Work task » Search the data for the word "Suites" and copy every line where it occurs.

Source material »

------------------------------------------------

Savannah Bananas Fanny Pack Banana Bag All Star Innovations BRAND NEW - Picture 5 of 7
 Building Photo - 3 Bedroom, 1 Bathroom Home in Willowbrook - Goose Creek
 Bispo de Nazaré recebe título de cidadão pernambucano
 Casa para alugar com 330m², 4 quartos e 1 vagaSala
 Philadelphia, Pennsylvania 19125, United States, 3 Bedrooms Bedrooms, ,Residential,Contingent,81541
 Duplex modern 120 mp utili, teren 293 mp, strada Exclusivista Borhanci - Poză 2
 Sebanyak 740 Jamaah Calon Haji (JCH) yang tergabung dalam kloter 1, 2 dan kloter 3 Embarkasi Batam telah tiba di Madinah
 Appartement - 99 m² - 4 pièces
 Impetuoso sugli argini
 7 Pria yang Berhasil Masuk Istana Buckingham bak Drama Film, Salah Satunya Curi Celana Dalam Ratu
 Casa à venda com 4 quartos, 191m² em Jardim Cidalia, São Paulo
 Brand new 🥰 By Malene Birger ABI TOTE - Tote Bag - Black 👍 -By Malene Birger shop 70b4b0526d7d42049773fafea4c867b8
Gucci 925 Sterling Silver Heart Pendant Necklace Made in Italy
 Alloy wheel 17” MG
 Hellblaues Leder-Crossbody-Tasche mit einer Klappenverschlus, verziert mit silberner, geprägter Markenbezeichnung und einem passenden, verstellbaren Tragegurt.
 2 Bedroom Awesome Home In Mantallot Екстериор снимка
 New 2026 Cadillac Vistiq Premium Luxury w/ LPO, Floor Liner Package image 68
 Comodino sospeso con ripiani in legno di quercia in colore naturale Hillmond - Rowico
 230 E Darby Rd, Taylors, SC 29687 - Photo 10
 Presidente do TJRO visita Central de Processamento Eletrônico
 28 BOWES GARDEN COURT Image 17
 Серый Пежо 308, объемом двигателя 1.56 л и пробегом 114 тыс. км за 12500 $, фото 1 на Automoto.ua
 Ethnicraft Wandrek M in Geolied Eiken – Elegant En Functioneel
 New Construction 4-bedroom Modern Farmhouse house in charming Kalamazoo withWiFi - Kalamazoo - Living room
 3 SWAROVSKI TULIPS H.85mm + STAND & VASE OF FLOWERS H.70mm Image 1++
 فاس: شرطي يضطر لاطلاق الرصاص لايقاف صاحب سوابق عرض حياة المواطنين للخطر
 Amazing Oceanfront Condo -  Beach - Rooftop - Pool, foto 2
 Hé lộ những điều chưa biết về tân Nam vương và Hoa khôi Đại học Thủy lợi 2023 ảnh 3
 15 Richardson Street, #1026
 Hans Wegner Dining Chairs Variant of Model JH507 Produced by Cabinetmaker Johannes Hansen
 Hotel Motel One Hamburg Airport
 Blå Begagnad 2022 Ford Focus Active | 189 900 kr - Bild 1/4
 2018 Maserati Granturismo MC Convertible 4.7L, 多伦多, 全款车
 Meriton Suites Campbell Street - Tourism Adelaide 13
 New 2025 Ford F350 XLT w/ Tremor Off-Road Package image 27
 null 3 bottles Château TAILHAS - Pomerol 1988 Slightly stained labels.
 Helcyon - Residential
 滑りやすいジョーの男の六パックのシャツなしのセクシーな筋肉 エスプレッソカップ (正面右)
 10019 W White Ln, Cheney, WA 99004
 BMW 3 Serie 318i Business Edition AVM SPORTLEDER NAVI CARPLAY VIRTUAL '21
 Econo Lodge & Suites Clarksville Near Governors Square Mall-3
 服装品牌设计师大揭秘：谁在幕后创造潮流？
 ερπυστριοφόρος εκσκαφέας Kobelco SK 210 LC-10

------------------------------------------------

Response box »
 Meriton Suites Campbell Street - Tourism Adelaide 13
 Econo Lodge & Suites Clarksville Near Governors Square Mall-3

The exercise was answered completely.